REQUIREMENT – Word for word, restate the lines of the material below from its first line through the one containing "پوستر دیواری گل". Omit the rest.

(MATERIAL PROVIDED)

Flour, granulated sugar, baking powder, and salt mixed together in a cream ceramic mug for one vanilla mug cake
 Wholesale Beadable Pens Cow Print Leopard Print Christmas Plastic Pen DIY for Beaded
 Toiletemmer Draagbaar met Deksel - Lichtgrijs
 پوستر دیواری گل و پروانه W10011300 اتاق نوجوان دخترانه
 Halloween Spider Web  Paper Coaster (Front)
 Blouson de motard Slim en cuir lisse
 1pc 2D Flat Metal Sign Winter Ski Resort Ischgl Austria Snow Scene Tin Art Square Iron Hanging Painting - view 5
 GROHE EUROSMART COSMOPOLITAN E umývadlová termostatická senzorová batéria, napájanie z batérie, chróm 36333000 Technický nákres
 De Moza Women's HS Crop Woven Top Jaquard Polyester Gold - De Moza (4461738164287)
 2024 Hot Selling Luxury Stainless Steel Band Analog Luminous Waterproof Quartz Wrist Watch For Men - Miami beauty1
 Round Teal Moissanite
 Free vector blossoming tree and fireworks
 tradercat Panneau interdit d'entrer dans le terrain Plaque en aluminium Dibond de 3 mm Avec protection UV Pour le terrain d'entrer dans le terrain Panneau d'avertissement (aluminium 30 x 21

(End MATERIAL PROVIDED)

WRITTEN REPLY –
Flour, granulated sugar, baking powder, and salt mixed together in a cream ceramic mug for one vanilla mug cake
 Wholesale Beadable Pens Cow Print Leopard Print Christmas Plastic Pen DIY for Beaded
 Toiletemmer Draagbaar met Deksel - Lichtgrijs
 پوستر دیواری گل و پروانه W10011300 اتاق نوجوان دخترانه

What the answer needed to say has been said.